You may remember that many of us find .di files to be something "less" 
than an effective approach to library interfacing? As to it making 
smaller, faster compiliations -- try it on the Win32 header files ... it 
makes them bigger and noticably slower to parse.

This is neither a valid or practical solution.

> 
> I wish to point out that the current scheme does *work*, it generates 
> working executables. In the age of demand paged executable loading 
> (which both Linux and Windows do), unused code in the executable never 
> even gets loaded into memory. The downside to size is really in shipping 
> code over a network (also in embedded systems).
> 
> So I disagree with your characterization of it as impractical.
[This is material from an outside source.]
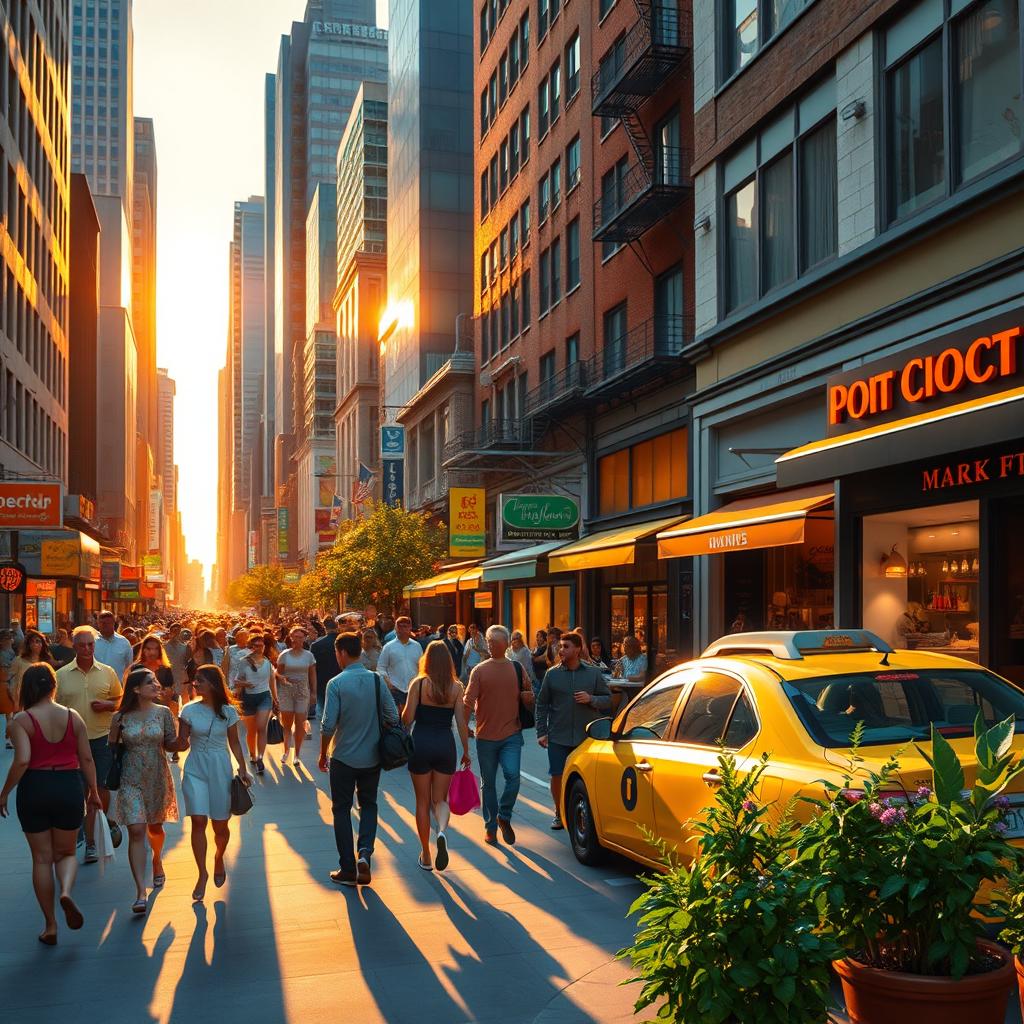 A stunningly realistic urban scene depicting a bustling city street during the golden hour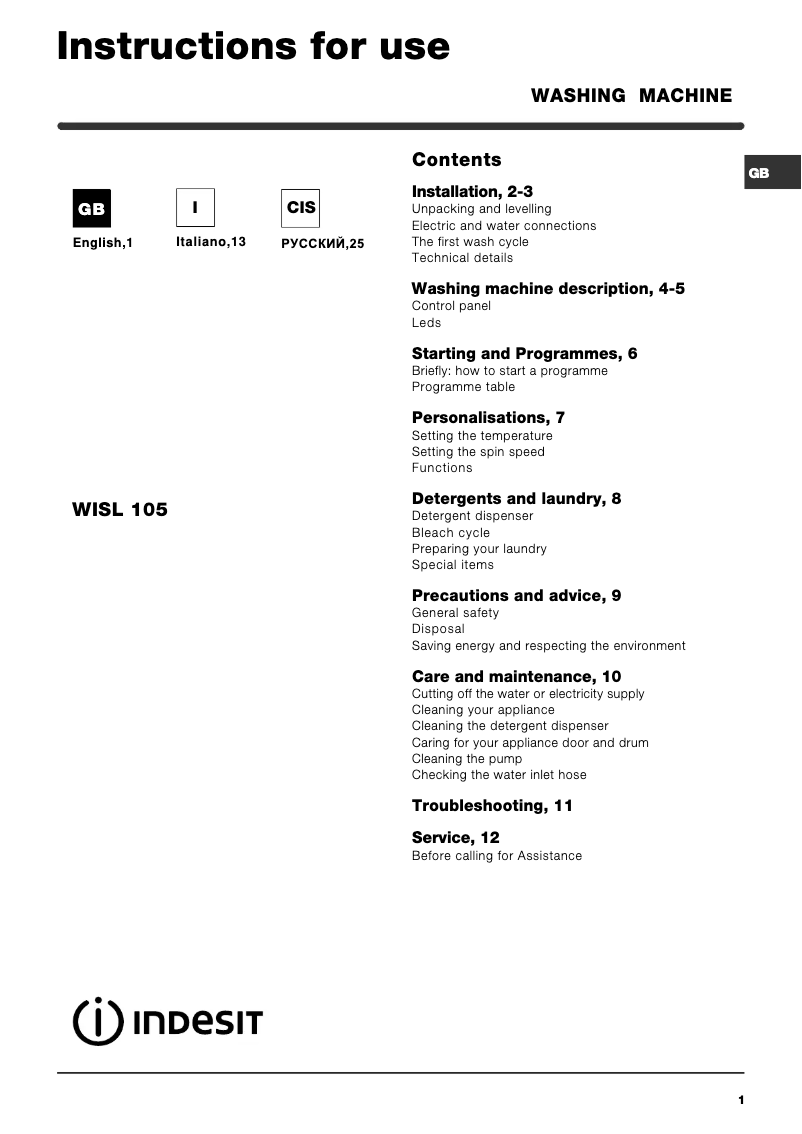 Page 1 de la notice Manuel utilisateur Indesit WISL 105 (EU).1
Oh, ok. It all depends on what one expects from a toolset. Good point

> 
> For professional libraries, it is not unreasonable to expect some extra 
> effort in tuning the libraries to minimize dependency. This is a normal 
> process, it's been going on at least for the 25 years I've been doing 
> it. Standard C runtime libraries, for example, have been *extensively* 
> tweaked and tuned in this manner, and that's just boring old C. They are 
> not just big lumps of code.
> 
>> 3) Hack around an undocumented and poorly understood problem in 
>> developer-land. Great.
> 
> 
> I think you understand the problem now, and the solution. Every 
> developer of professional libraries should understand this problem, it 
> crops up with most every language. If a developer doesn't understand it, 
> one winds up with something like Java where even the simplest hello 
> world winds up pulling in the entire Java runtime library, because 
> dependencies were not engineered properly.

This is a problem with the toolchain, Walter. Plain and simple. The 
linker picks up an arbitrary, yes arbitrary, module from the library 
because the D language-design is such that it highlights a deficiency in 
the existing toolchain. See below:

You can claim all you like that devs should learn to deal with it, but 
the fact remains that it took us more than a day to track down this 
obscure problem to being a char[][] decl. It will take just as long for 
the next one, and perhaps longer. Where does the cycle end?

The toolchain currently operates in a haphazard fashion, linking in 
/whatever/ module-chain happens to declare a typeinfo for char[][]. And 
it does this because of the way D generates the typeinfo. The process is 
broken, pure and simple. We should accept this and try to figure out how 
to resolve it instead.

> 
>> you might as well add:
>>
>> 4) have the user instantiate a pointless and magic char[][] in their 
>> own program, so that they can link with the Tango library?
> 
> 
> I wouldn't add it, as I would expect the library developer to take care 
> of such things by adding them to the Tango library as part of the 
> routine process of optimizing executable size by minimizing dependencies.
> 

Minimizing dependencies? What are you talking about? Those deps are 
produces purely by the D compiler, and not the code design.

>> None of this is not gonna fly in practice, and you surely know that?
> 
> 
> For features like runtime time identification, etc., that are generated 
> by the compiler (instead of explicitly by the programmer), then the 
> dependencies they generate are a fact of life.
> 
> Optimizing the size of a generated program is a routine programming 
> task. It isn't something new with D. I've been doing this for 25 years.

Entirely disingenuous. This is not about "optimization" at all ... it 
about a broken toolchain. Nothing more.

I hope you'll find a way to progress this forward toward a resolution 
instead of labeling it something else.